Juga pada hari Jumat, pesawat-pesawat tempur Rusia menyerang daerah-daerah yang dikuasai pemberontak di wilayah itu ketika gerilyawan dan pasukan pemerintah bertukar tembakan artileri dan mortir di bagian lain provinsi Idlib, markas pemberontak terakhir di negara itu, kata aktivis oposisi.

Serangan pemerintah yang didukung Rusia terhadap Idlib dan beberapa bagian provinsi Aleppo telah menyebabkan perpindahan lebih dari 900.000 orang, setengah dari mereka adalah anak-anak, sejak 1 Desember, menurut U.N.
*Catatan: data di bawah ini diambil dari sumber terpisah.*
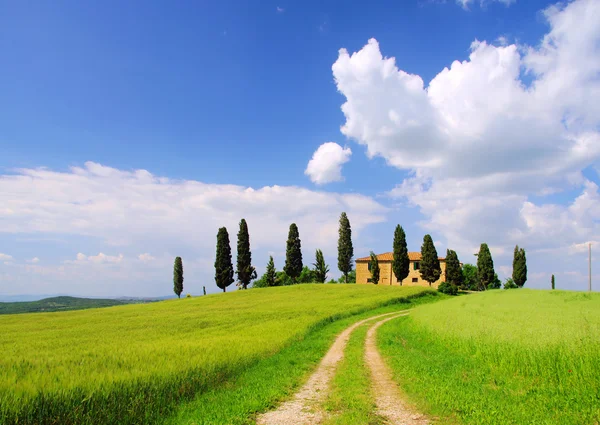 Tuscany rumah dan pohon Cypress — Stok Foto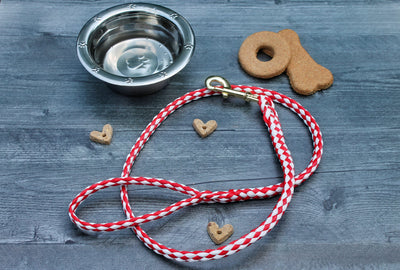 Red and White Soft Braided Dog Leash for Dogs Up to 50 pounds.  Give one as a "New Puppy" gift.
Pada hari Jumat, Oleg Zhuravlyov, kepala Pusat Rekonsiliasi militer Rusia di Suriah, membantah bahwa "ratusan ribu penduduk yang damai di provinsi (Idlib)" dipaksa ke perbatasan dengan Turki.

"Tidak ada foto atau video materi yang dapat diverifikasi atau bukti lain yang akan mengkonfirmasi pernyataan tentang sekitar satu juta pengungsi dari zona eskalasi Idlib bergerak menuju perbatasan Suriah-Turki," katanya.

Pusat itu mendesak Turki untuk "mengambil semua langkah yang diperlukan untuk memastikan perjalanan sukarela dan aman bagi penduduk bagian timur dan selatan Idlib ke daerah-daerah yang dikendalikan oleh pemerintah Suriah."

Para pejabat Rusia mengatakan mereka menganggap Turki bertanggung jawab atas runtuhnya perjanjian gencatan senjata di Idlib, dengan mengatakan bahwa Ankara tidak mengekang militan yang terus menyerang sasaran-sasaran Suriah dan Rusia.

Ketegangan di wilayah itu meningkat dalam beberapa pekan terakhir ketika Turki mengirim ribuan tentara ke Suriah untuk unjuk kekuatan.

Setidaknya 15 tentara Turki telah tewas di Suriah pada Februari di tengah serangan oleh pasukan Presiden Suriah Bashar Assad yang bertujuan merebut kembali daerah-daerah yang dikuasai oposisi di kawasan itu.

Observatorium Suriah untuk Hak Asasi Manusia yang berpusat di Inggris melaporkan serangan udara Rusia di dekat benteng pemberontak Atareb, Ariha dan Qmenas. Ia menambahkan bahwa di tepi selatan Idlib, pasukan Turki dan pemberontak bertukar penembakan dengan pasukan pemerintah Suriah.

Akram al-Ahmad, seorang aktivis oposisi Suriah yang bermarkas di Turki yang mengepalai kelompok pemantau yang disebut Pusat Pers Suriah, mengatakan pemboman Rusia menghantam kota Sarmin dan Atareb yang dikuasai pemberontak.